Answer choice A is not supported by the premises. This choice tries to trap you by using the fallacy called 'denying the antecedent', i/e. "if A then B; not A, therefore not B". This is not a valid inference, as can be seen in the following simple example: "If it snows, the windshield fogs up. It is not snowing, therefore the windshield won't fog up". We know this is not true because the window could become fogged up for another reasons. Translated to the terms of the argument, the argument says that implementing flexible schedules does not increase manager's job satisfaction, when they already enjoy flexibility. In other words, if managers who have flexibility are allowed flexible work schedules (A), then job satisfaction will not increase (B). Answer choice A tries to deny the antecedent and say - If managers who don't have flexibility are offered flexibility (= not A) therefore job satisfaction will increase (not B). As we have seen, this kind of reasoning is not valid. Put more simply, just because we know that giving managers more flexibility doesn't help job satisfaction when they already have flexibility, we cannot conclude that when they don't have flexibility, giving it to them will result in increased job satisfaction. It might, but this is not a necessary result. There may be other factors that are more important for job satisfaction.

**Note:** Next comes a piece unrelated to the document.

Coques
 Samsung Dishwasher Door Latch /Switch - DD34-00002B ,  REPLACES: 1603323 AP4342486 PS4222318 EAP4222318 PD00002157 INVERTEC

Answer choice B should be eliminated because we don't have premises that allow us to assess the overall morale of a company, and we are also told that the increases are time dependent, and don't necessary last.

Answer choice C should be eliminated contradicts the information in the passage, which tells us that the benefits of implementation of flexible schedules dissipates over time.

Answer choice D should be eliminated because it is not supported by the premises. The argument might in fact support the contrary - that there might be some correlation between flexibility and job satisfaction, since we know that those who already enjoy flexibility are not affected by being given more flexibility.

Answer choice E is supported by the premises. We are told in the argument that "the implementation of policies allowing work schedules to be tailored to individuals' needs does not typically increase managers' job satisfaction or their efficiency". We can infer from this that "The typical benefits of flexible-schedule policies cannot be reliably inferred from observations of the effects of such policies on managers." This answer choice is only talking about the ability to infer something: not the content of that inference, and it is therefore fully compatible with the premises of the argument.

gmat6nplus1 wrote:
Have fun.

Psychologists have found that the implementation of policies allowing work schedules to be tailored to individuals' needs does not typically increase managers' job satisfaction or their efficiency-although this may be because most managers already have the autonomy to adjust their own schedules. But these flexible schedule policies do increase job satisfaction, productivity, and attendance among nonmanagerial employees. The benefits dissipate somewhat over time, however, and they are reduced even further if schedules are too elastic.

Which one of the following statements is most supported by the information above?

A. Implementing flexible schedules would be an effective means of increasing the job satisfaction and efficiency of managers who do not already have scheduling autonomy.
B. Flexible-schedule policies should be expected to improve the morale of some individual employees but not the overall morale of a company's workforce.
C. Flexible schedules should be expected to substantially improve a company's productivity and employee satisfaction in the long run.
D. There is little correlation between managers' job satisfaction and their ability to set their own work schedules.
E. The typical benefits of flexible-schedule policies cannot be reliably inferred from observations of the effects of such policies on managers.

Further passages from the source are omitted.